[What to do]: Omitting the pictures, print every line below exactly as it stands.

[Task material]:
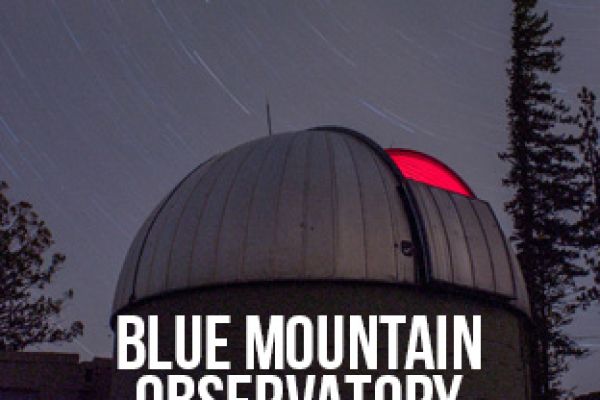 Blue Mountain Observatory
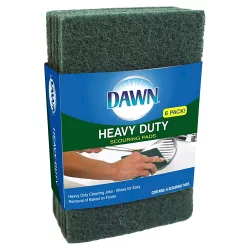 Dawn Heavy Duty Scourer Pads
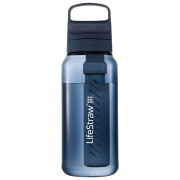 Бутилка с филтър LifeStraw Go 2.0 Water Filter Bottle 1L тъмно син Aegean Sea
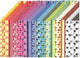 Couleur Bar Paper Imprimer A4 100gr, 16 feuilles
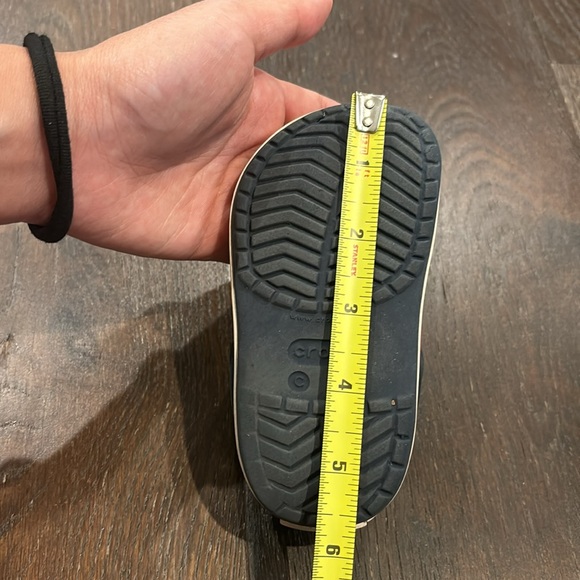 Blue Crocs C6 - Picture 5 of 6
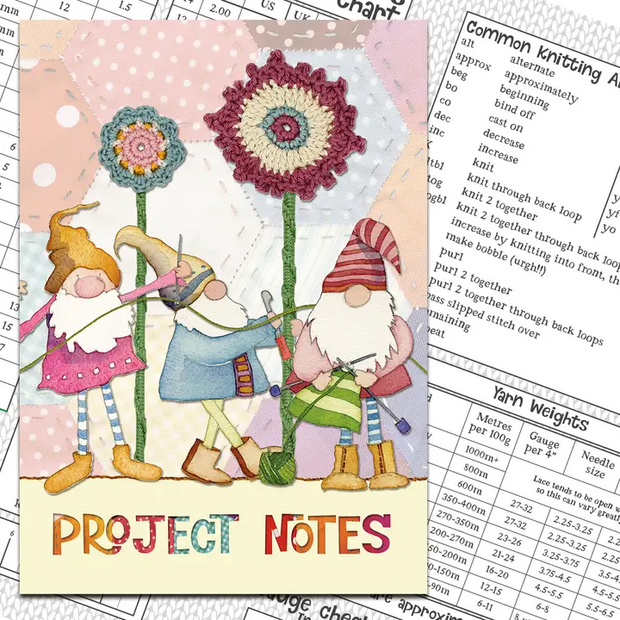 Crafting Gnomes projectboek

[Answer box]:
 Blue Mountain Observatory
 Dawn Heavy Duty Scourer Pads
 Бутилка с филтър LifeStraw Go 2.0 Water Filter Bottle 1L тъмно син Aegean Sea
 Couleur Bar Paper Imprimer A4 100gr, 16 feuilles
 Blue Crocs C6 - Picture 5 of 6
 Crafting Gnomes projectboek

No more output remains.